Exercise: Give a verbatim copy of the lines below, minus the pictures.

[Opening Given material section]

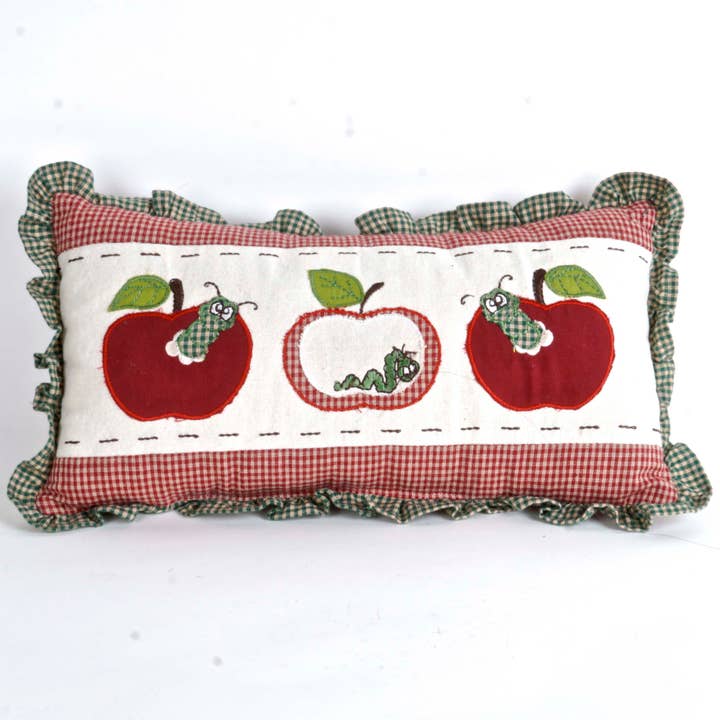 Cotton Decorative Accent Pillow Red Apples for wholesale by Forpost Trade Inc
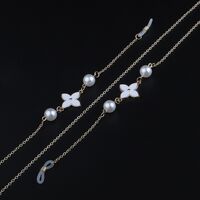 Gold-colored metal non-slip chain, with white pearl flower, for glasses and masks GL929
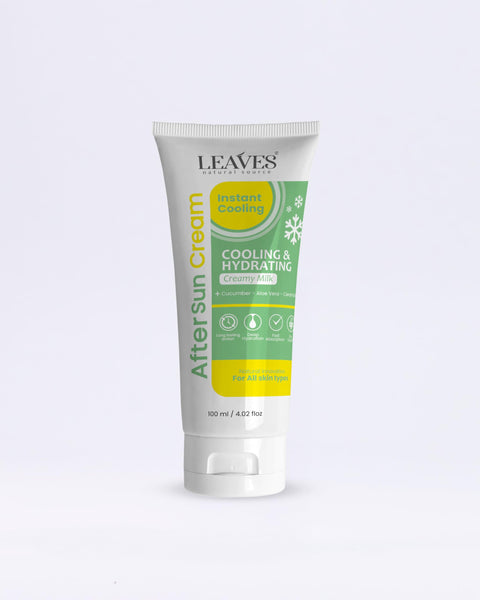 Leaves After Sun – Sunscreen & Cooling Creamy Milk | 100% Natural Soothing & Hydrating Formula 100ml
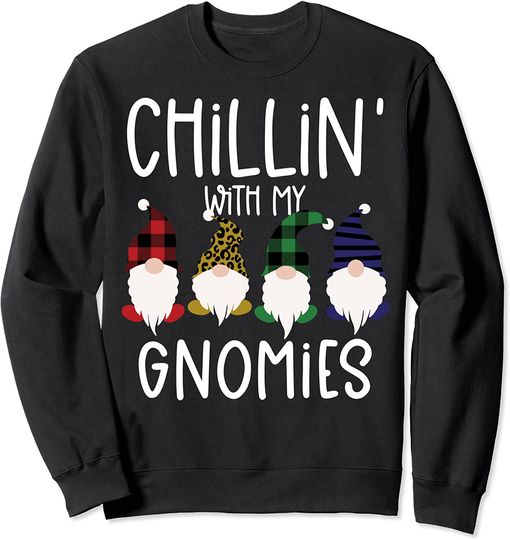Chillin With My Gnomies Plaid Leopard Gnomes Sweatshirt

[Closing Given material section]

Task output:
 Cotton Decorative Accent Pillow Red Apples for wholesale by Forpost Trade Inc
 Gold-colored metal non-slip chain, with white pearl flower, for glasses and masks GL929
 Leaves After Sun – Sunscreen & Cooling Creamy Milk | 100% Natural Soothing & Hydrating Formula 100ml
Chillin With My Gnomies Plaid Leopard Gnomes Sweatshirt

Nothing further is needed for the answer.